Ketiga, Allah hakim yang adil (ay.20). Yeremia begitu tegar dalam menghadapi ancaman, penolakan, penganiayaan, bahkan rencana pembunuhan yang ditujukan kepada dirinya. Boleh dikatakan Yeremia begitu berhikmat dalam menghadapi pergumulan. Ia memilih jalan untuk berdoa, memohon agar Allah berlaku adil baginya. Dengan memposisikan diri agar cukuplah “melihat” saja, Yeremia memahami betul bahwa membalaskan bukanlah hak dirinya, melainkan Tuhan yang memanggilnya. Poin ketiga ini meneguhkan kita agar benar-benar menyerahkan segala permasalahan kita kepada Tuhan, sebab Dia adalah hakim yang adil. Allah senantiasa memberikan kebaikan, bukan kejahatan.

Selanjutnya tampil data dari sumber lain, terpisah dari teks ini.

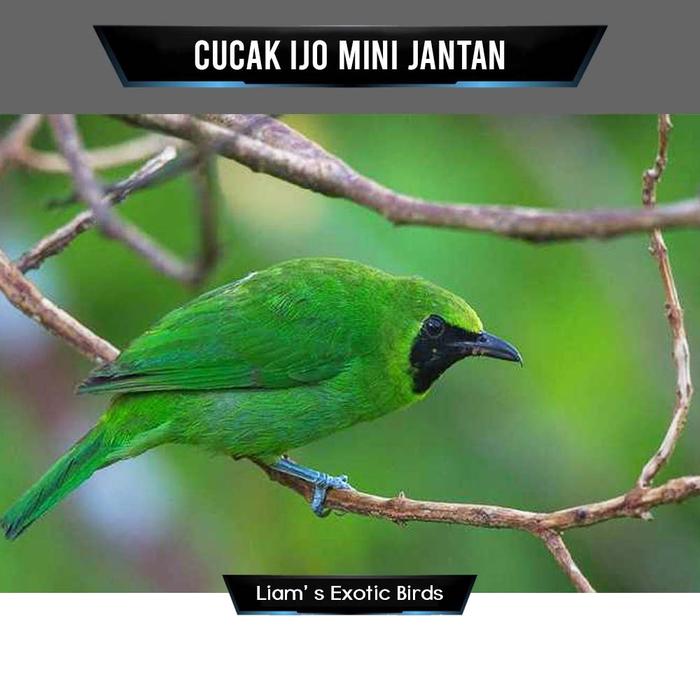 Gambar Burung Cucak Ijo Mini Rawatan Mulus - Jantan dari LiamExoticBird undefined Tokopedia
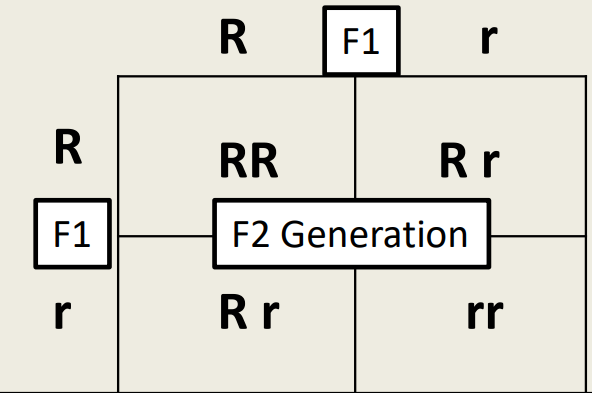 - Looks at discrete traits 
- Genotypic ration- 1:2:1
- Phenotypic- 3:1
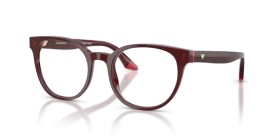 Emporio Armani EA3274 6320 52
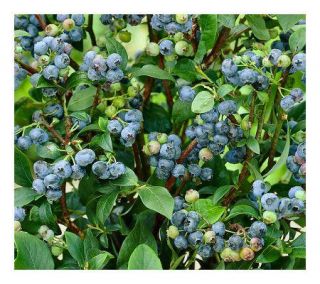 Cottage Farms Misty Blueberry with Deco Pot —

Rencana Allah pastilah rancangan yang membawa damai sejahtera. Sekaligus mengingatkan kepada kita, agar berhenti membalaskan dendam. Balas dendam tidak pernah menjadi solusi penyelesaian masalah. Sebaliknya, balas dendam selalu mendatangkan luka dan dendam yang baru. Balas dendam tidak hanya menyakiti orang yang kita benci, melainkan juga diri sendiri dan orang lainnya. Biarlah Tuhan yang maha adil menjadi hakim atas itu semua, dan kita tetap bekerja dengan setia untuk tetap hidup di jalan kebenaran-Nya.

REFLEKSI/KESIMPULAN

Mendekat Kepada Allah, menjadi tema yang merefleksikan kepada kita bahwa dalam setiap pergumulan, tema ini yang harus kita lakukan. Tema ini bersifat aplikatif, yang berarti harus nyata dalam tindakan dan kehidupan. Pola-pola dan cara-cara lama yang mengedepankan dendam, sakit hati, kekerasan, sudah sepantasnya kita tinggalkan. Mendekat kepada Allah harus memberikan dampak yang luar biasa bagi perubahan kita. Panggilan ini harus nyata dalam kejujuran, kesetiaan, pengampunan, iman yang sungguh, penyerahan diri yang sungguh, sebab Yeremia tahu, bahwa di dalam itu, hanya dekat dengan Allah sajalah hatinya tenang dan menang.